For the second day, the Peshmerga continued to withdraw from territory they occupied during 2014. All did not go peacefully however as there was a short gun battle at Mosul Dam.

Starting on October 16, the Kurds began pulling out from territory they moved into after the government forces collapsed in the face of the Islamic State in 2014. That started in northeast Diyala where Daquq, Qara Tapa, Jalawla and Mandali were all abandoned. After negotiations, the Peshmega pulled out of Khanaqin as well. That was an important district because it has a large Kurdish population. In Ninewa, Bashiqa, Makhmour, Gwar, Rabia, and Snune in the Sinjar district were all turned over to the federal forces the next day. Sinjar town itself was handed over to a Yazidi Hashd unit. These all went off without a hitch. That was not true for Mosul Dam. There the Hashd and Federal Police advanced on the area, only to get into a gun battle with the Peshmerga stationed there. 8 Hashd and 1 Peshmerga were killed as a result, and 4 Peshmerga were wounded. The fighting was apparently a short clash, and cooler heads prevailed before the Kurds pulled back. Prime Minister Haidar Abadi when he first sent federal forces into Kirkuk demanded that Irbil fall back to the positions it held before the summer of 2014. It appeared that the Kurdistan Regional Government (KRG) was complying with that on the ground. That was important because all of these district the Kurds claimed as theirs. Many of them have mixed or minority populations however, but Irbil was even willing to give up Khanaqin with a Kurdish majority.

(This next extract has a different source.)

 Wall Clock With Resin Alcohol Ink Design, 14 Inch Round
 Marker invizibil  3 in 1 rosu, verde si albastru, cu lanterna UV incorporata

That was not the official line from the KRG however. President Massoud Barzani did not make an appearance after the Kurdish collapse in Kirkuk but issued a statement. It said that the Kurds were abiding by the agreement they made with Baghdad before the Mosul operation. The Peshmerga Ministry added that this arrangement was made with the United States’ backing. The problem with those claims was that the Mosul deal had the Kurds holding onto all the territory they had before the campaign started, and the KRG only agreed to give up any land it gained during the battle. Now the Kurds are relinquishing nearly everything they took in the summer of 2014. Barzani and the Ministry appeared to be trying to save face on what was a full-scale retreat. More importantly it won’t stave off the political reckoning both will face for losing Kirkuk, half their source of oil, and almost all of the disputed territories.


Buratha News, “Evacuation of Kurdish party headquarters in Mandali east Diyala,” 10/16/17

Al Forat, “Peshmerga burning its headquarters before its withdrawal from Daquq,” 10/16/17

Al Ghad Press, “Dead and wounded in clashes between the Peshmerga and popular crowd at the Mosul Dam,” 10/17/17

Iraq Newspaper, "Iraqi Newspaper: The Killing Of 9 Peshmerga And One From The Christian Crowd In Mosul Dam And Comment Of Barzani," 10/17/17

Al Maalomah, “Law enforcement is moving to liberate the Mosul Dam from the Peshmerga,” 10/16/17

Morris, Loveday, El-Ghobashy, Tamer and Shwan, Aaso Ameen, “Iraqi forces move deeper into Kurdish-held areas, redrawing political map,” Washington Post, 10/17/17

NINA, “Al-Abadi Office: The agreement with the Region that includes the withdrawal of the Peshmerga from the areas that are liberated,” 11/17/16
- “Peshmerga Forces Begin To Withdraw From Their HQs In Qara Taba Of Diyala,” 10/16/17
- “The Security forces entered Jalawla northeast of Baquba from three axes,” 10/16/17

Reuters, “Iraqi-backed Yazidi group takes over Sinjar after Kurdish pullout: residents,” 10/16/17

Rudaw, “Abadi, Hashd demand PUK hand over sites in Kirkuk: Masum delivers message,” 10/13/17
- “Barzani: Blood of the martyrs, calls for independence are ‘not wasted,’” 10/17/17
- “Iraqi forces, Shiite militia control series of Peshmerga-held areas,” 10/17/17
- “Peshmerga-Iraqi army lines stand as agreed in Mosul offensive: Ministry,” 10/17/17

1 comment:

Roger said...

It's too bad the Kurds don't have an outlet to the sea.